» **EXERCISE OBJECTIVE**
For this exercise, an exact copy is needed of only the lines from the one containing "bonus room with" through the end of the data, with pictures left out.

====================

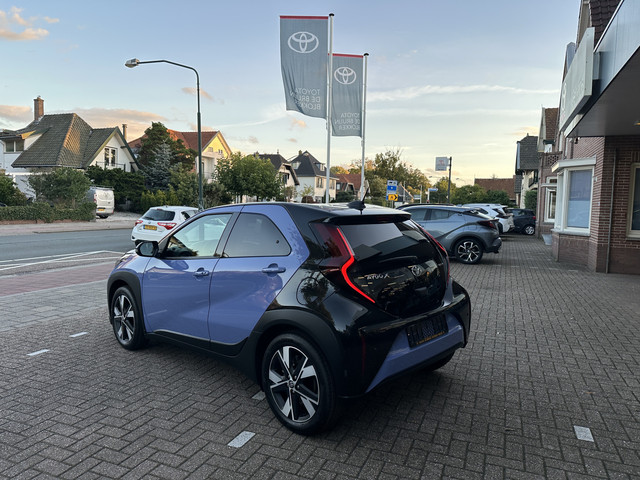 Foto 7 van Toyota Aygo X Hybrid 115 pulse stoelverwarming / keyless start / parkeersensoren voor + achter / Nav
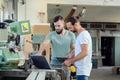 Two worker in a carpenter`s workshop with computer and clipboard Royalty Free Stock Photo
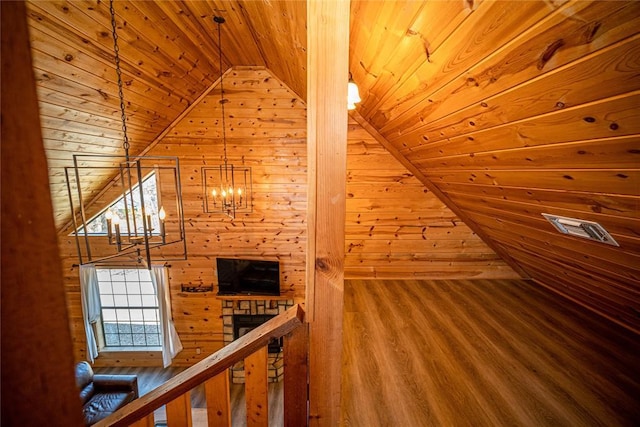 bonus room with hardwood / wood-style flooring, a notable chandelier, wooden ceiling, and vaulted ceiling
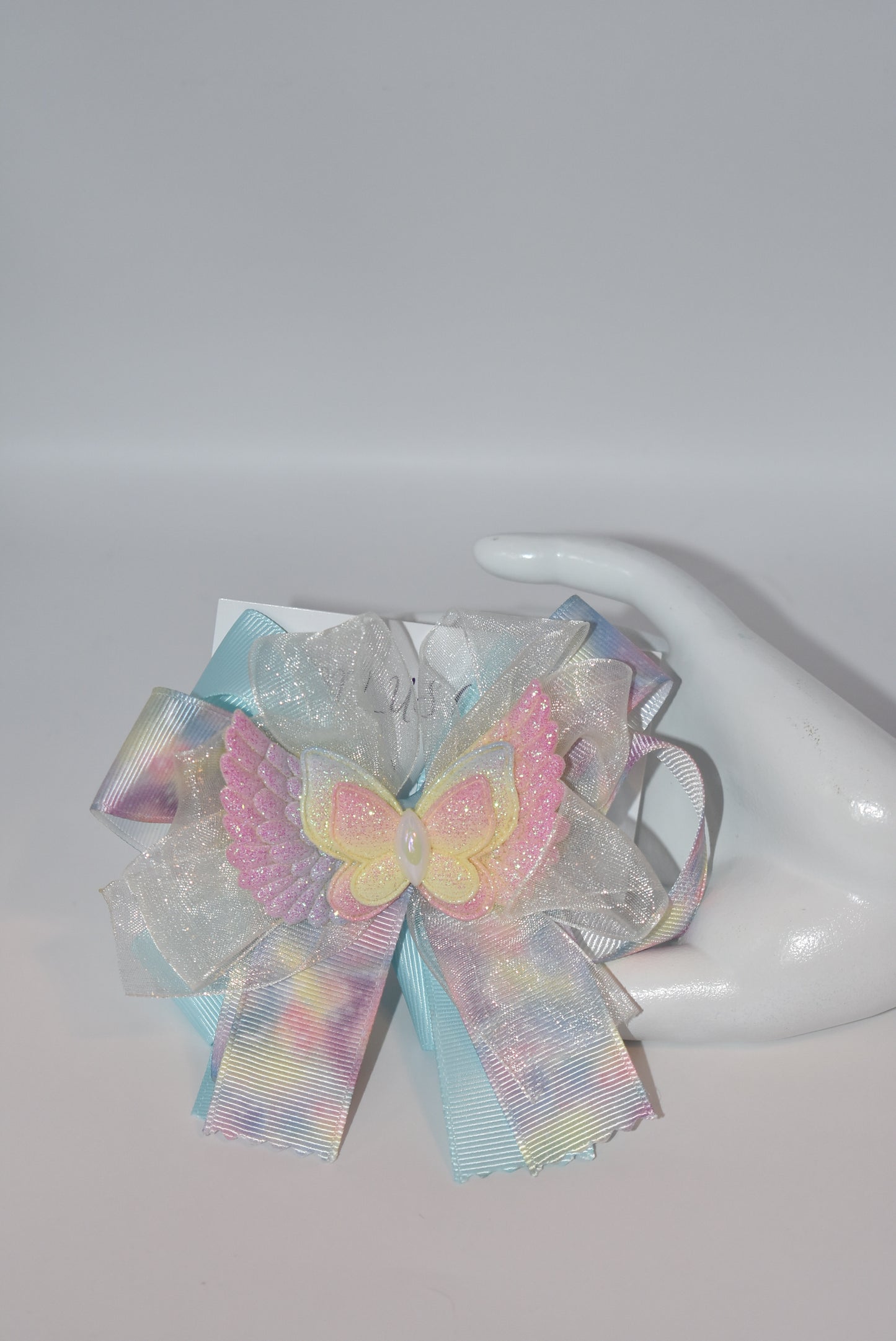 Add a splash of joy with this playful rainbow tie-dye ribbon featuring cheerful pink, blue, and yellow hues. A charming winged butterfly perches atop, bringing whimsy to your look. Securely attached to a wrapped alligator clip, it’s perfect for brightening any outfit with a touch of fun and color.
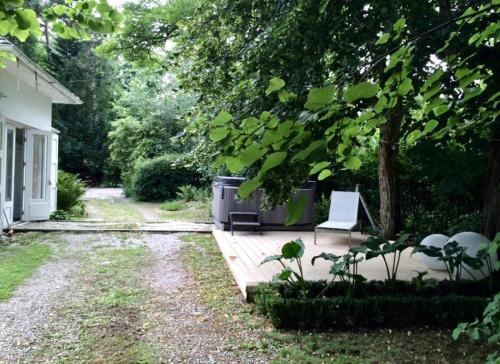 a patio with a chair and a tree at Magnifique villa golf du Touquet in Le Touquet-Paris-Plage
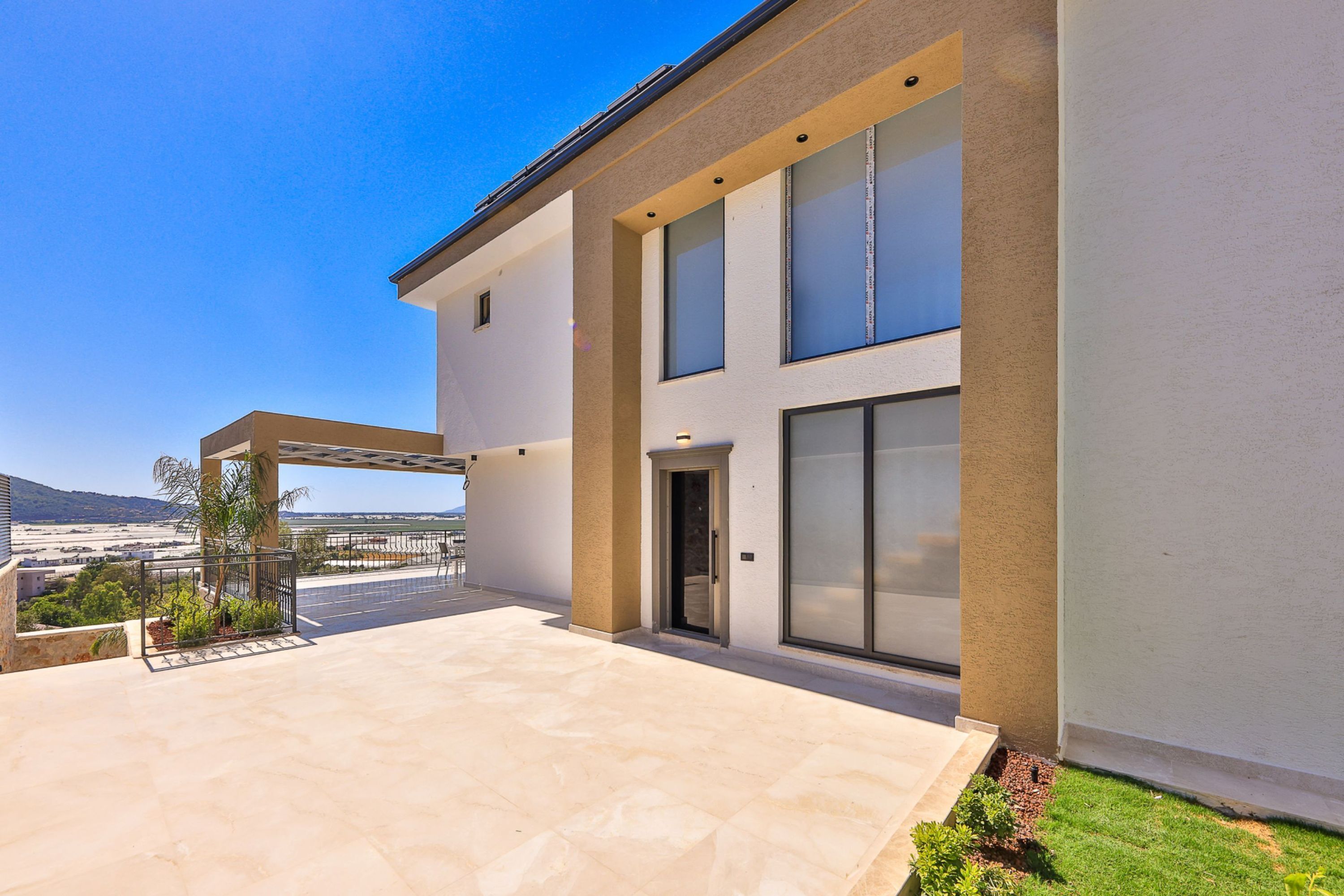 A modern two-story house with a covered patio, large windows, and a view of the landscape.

====================

» **ANSWER TO THIS EXERCISE**
 bonus room with hardwood / wood-style flooring, a notable chandelier, wooden ceiling, and vaulted ceiling
 Add a splash of joy with this playful rainbow tie-dye ribbon featuring cheerful pink, blue, and yellow hues. A charming winged butterfly perches atop, bringing whimsy to your look. Securely attached to a wrapped alligator clip, it’s perfect for brightening any outfit with a touch of fun and color.
 a patio with a chair and a tree at Magnifique villa golf du Touquet in Le Touquet-Paris-Plage
 A modern two-story house with a covered patio, large windows, and a view of the landscape.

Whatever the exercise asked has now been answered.